● PROVIDED DATA:
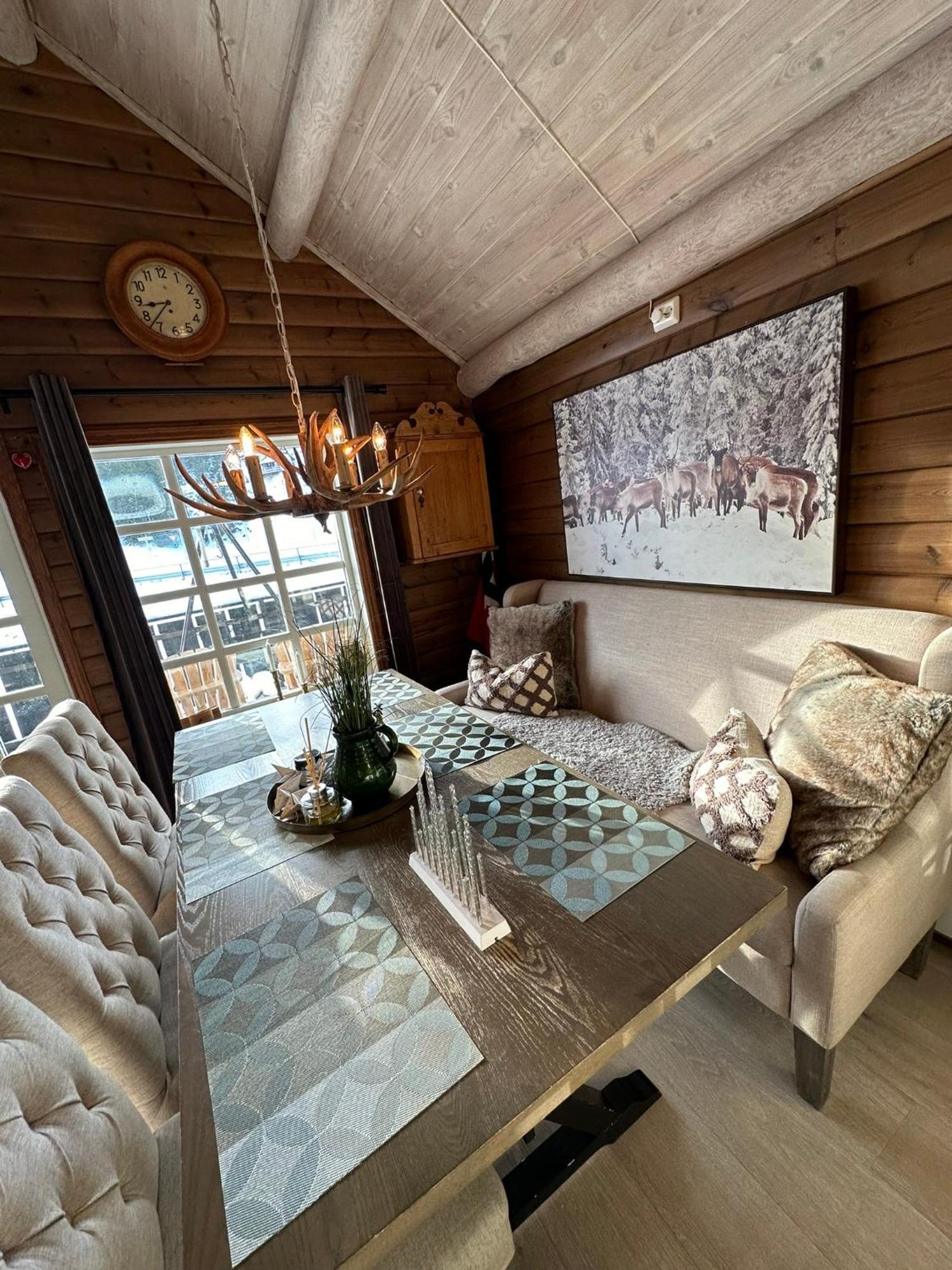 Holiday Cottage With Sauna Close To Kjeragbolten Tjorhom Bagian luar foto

...

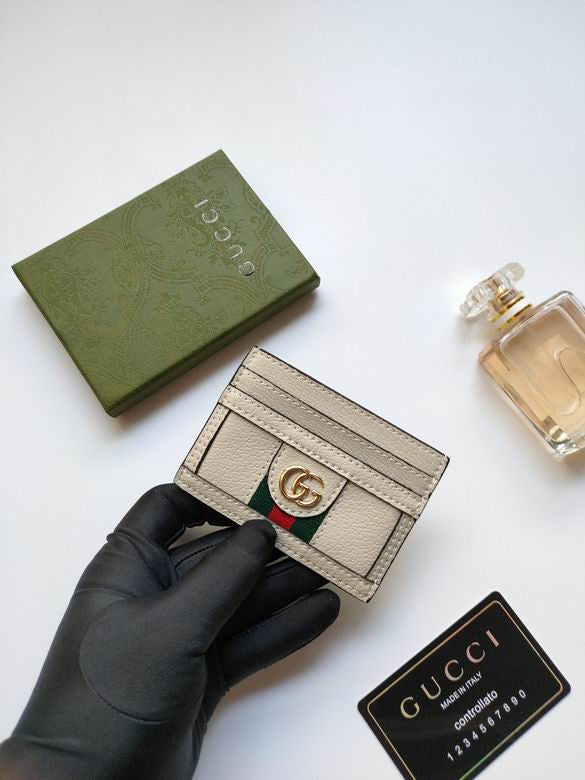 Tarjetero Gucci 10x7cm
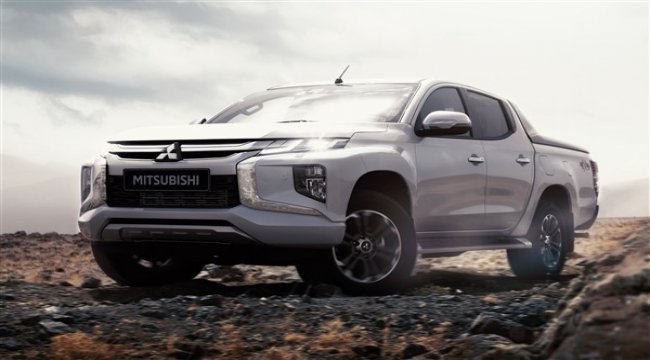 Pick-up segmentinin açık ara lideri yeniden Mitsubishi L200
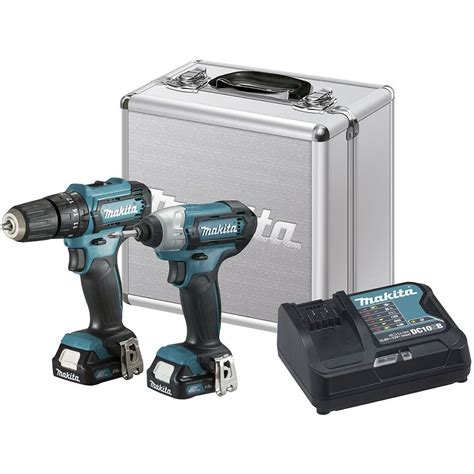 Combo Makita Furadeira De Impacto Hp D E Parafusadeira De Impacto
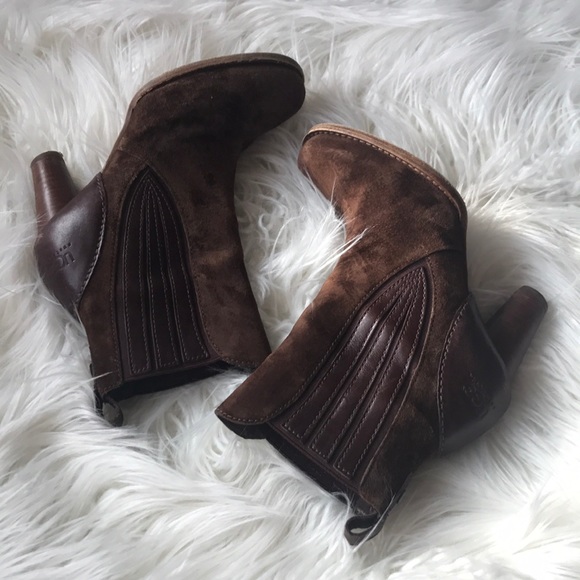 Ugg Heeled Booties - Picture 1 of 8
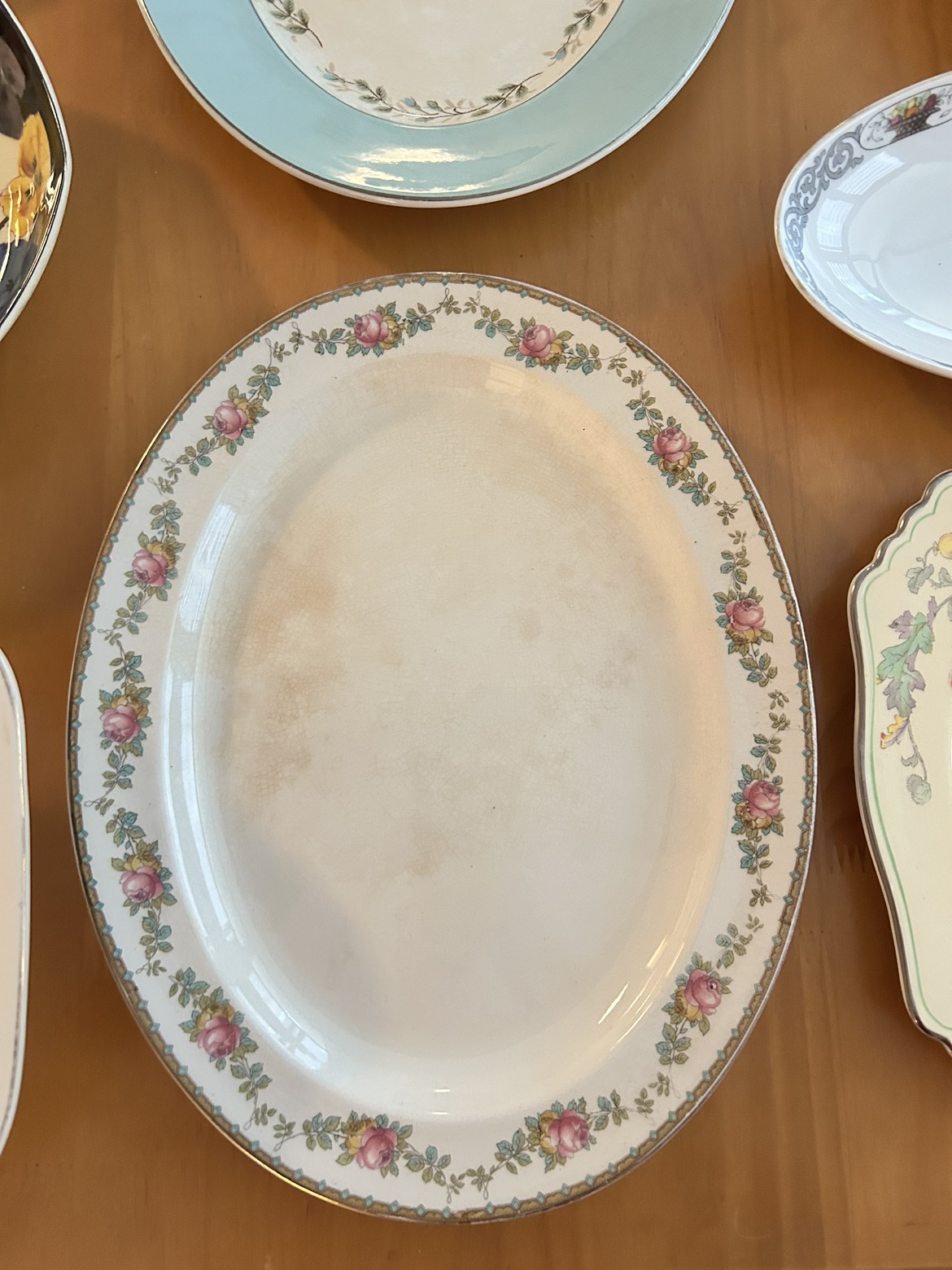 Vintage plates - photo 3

==

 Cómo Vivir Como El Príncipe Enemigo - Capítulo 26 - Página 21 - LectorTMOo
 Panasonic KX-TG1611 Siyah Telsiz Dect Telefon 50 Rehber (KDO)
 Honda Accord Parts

● TASK TO CARRY OUT: An exact transcription is needed of the lines from the one with "Combo Makita Furadeira" to the one with "Vintage plates - photo 3" above, both ends included, with pictures left out.

● EXERCISE ANSWER:
 Combo Makita Furadeira De Impacto Hp D E Parafusadeira De Impacto
 Ugg Heeled Booties - Picture 1 of 8
 Vintage plates - photo 3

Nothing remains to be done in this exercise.